Of course, the story is a pretty remarkable one. In 2000, an ordinary, battered suitcase made its way from the Auschwitz Museum in Poland to Fumiko Ishioka at the Tokyo Holocaust Education Resource Center. Part of a traveling exhibit, the suitcase bore the name Hana Brady, painted in white lettering. The tenacious Ishioka used the luggage as a tool to engage young students at the center, which is dedicated to educating Japanese children about the Holocaust. She began involving them in her quest to find out more about Hana Brady. Through letter writing and Internet searching, she found that Hana was a Jewish citizen of Czechoslovakia who perished at Auschwitz at age 13. She also discovered that Hana’s brother, George, three years older, survived the death camp and was now living in Toronto.
The story of Ishioka and Brady became the basis for Karen Levine’s international bestseller “Hana’s Suitcase.’’ Weinstein’s film gives voice to numerous children from Japan, Canada, and the Czech Republic who have studied the book and are enlisted onscreen to recount the events in Hana’s life.

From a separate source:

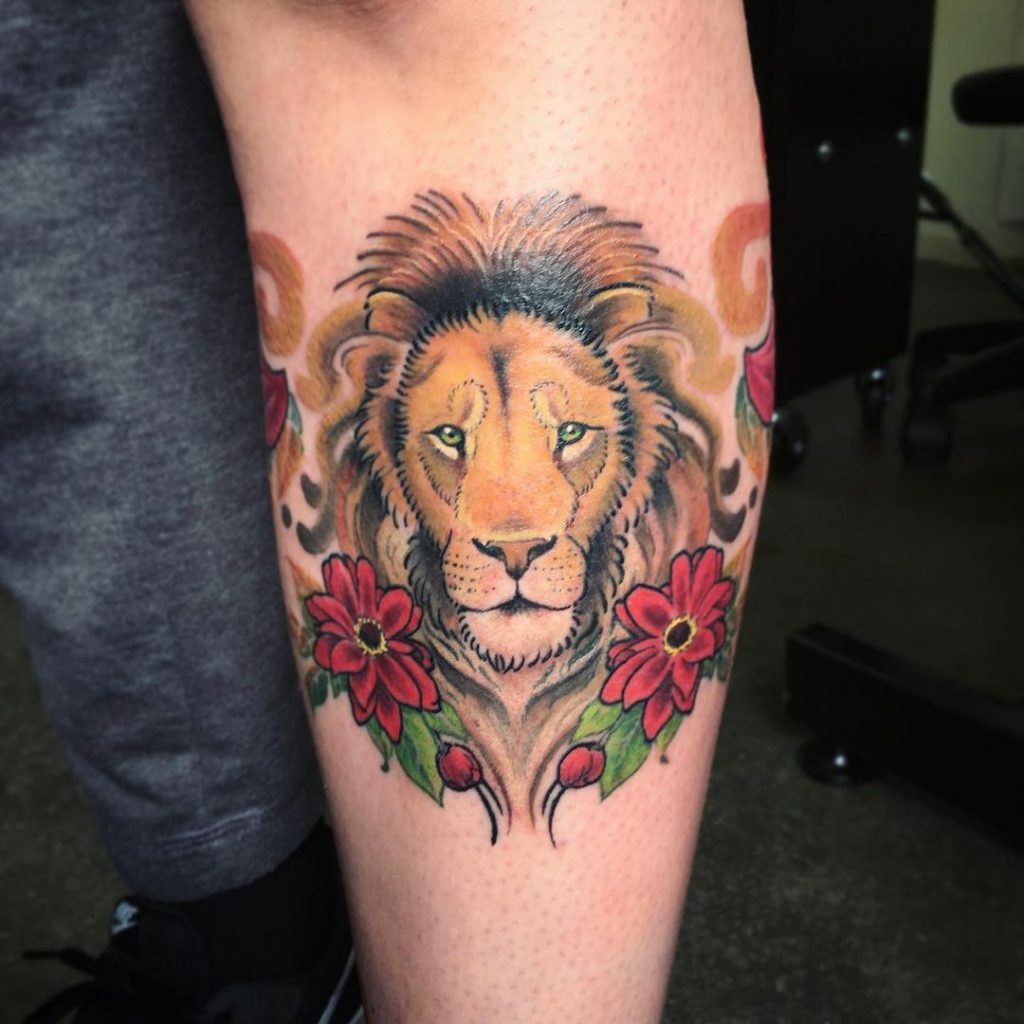 lower leg tattoos with lion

This allows us to see the effect that Hana’s life has had on the children, who speak straightforwardly and at times with a breathtaking understanding of the nuances and tragic outcome. Through Ishioka’s dogged research, the pupils’ narration, and the black-and-white reenactments, we learn that Hana’s parents were deported in 1939 after the Nazi invasion and soon both she and her protective older brother George were sent first to Theresienstadt and then to Auschwitz.
The film is bolstered by the presence of George Brady, now a white-haired grandfather still haunted by survivor’s guilt and the memory of his parents and sister who all died at the hands of the Nazis. With present-day scenes of Brady, his quiet determination to embrace life and live joyfully becomes the film’s grace note. Ishioka ultimately provides Brady with a way to process his grief when he and his adult daughter Lara travel to Tokyo to meet Ishioka’s students and to see Hana’s suitcase (there’s a denouement with some surprising revelations about the item). As two cultures collide and meld, language barriers, time, and distance fall away.
Several of the children interviewed explain that Hana Brady had wanted to be a teacher. Then, emphatically and poignantly, they tell us that this is what she ended up becoming.
George Brady and his daughter Lara will be at all screenings of “Inside Hana’s Suitcase’’ during its first weekend at the West Newton Cinema. They will introduce the film and answer questions.